Autre aspect fondamental, les entreprises françaises utilisent du matériel performant qui leur permet d’obtenir un meilleur rendement. Sogea Satom possède 9 000 machines (niveleuses, camions, etc.) sur le continent.
Les groupes français soulignent également leur respect des délais, les efforts en termes de sécurité et ceux pour atteindre les normes européennes en matière de responsabilité sociale et environnementale.
Dernière explication, et pas des moindres, les entreprises chinoises auraient tendance à remonter leurs prix. « Nous observons toujours des entreprises qui, pour pénétrer un marché, vont casser les prix de 30 ou 40%. Mais les compagnies implantées depuis une décennie présentent désormais des offres équivalentes aux nôtres », constate le PDG d’Eiffage Sénégal.

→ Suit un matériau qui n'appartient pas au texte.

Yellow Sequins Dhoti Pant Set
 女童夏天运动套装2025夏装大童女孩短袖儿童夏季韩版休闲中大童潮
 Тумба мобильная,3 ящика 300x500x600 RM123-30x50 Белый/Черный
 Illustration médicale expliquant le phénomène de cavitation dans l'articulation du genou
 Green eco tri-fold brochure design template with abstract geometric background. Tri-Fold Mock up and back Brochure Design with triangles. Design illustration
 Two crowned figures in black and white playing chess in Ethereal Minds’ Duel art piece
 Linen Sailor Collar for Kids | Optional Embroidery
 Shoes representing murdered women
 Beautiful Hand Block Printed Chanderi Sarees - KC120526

Afrique du Nord : du haut de gamme, sinon rien
Le point commun entre les groupes Colas et Sogea Satom ? Ils ont pris pied pour la première fois sur le continent au Maroc, dans les années 1930. Un peu moins d’un siècle plus tard, ils y sont toujours. La stratégie des groupes français consiste à viser le haut de gamme ou des projets qui nécessitent des compétences techniques spécifiques. Seule manière, selon eux, d’être concurrentiels face aux groupes locaux, mais aussi face aux entreprises chinoises, turques, espagnoles, italiennes ou portugaises.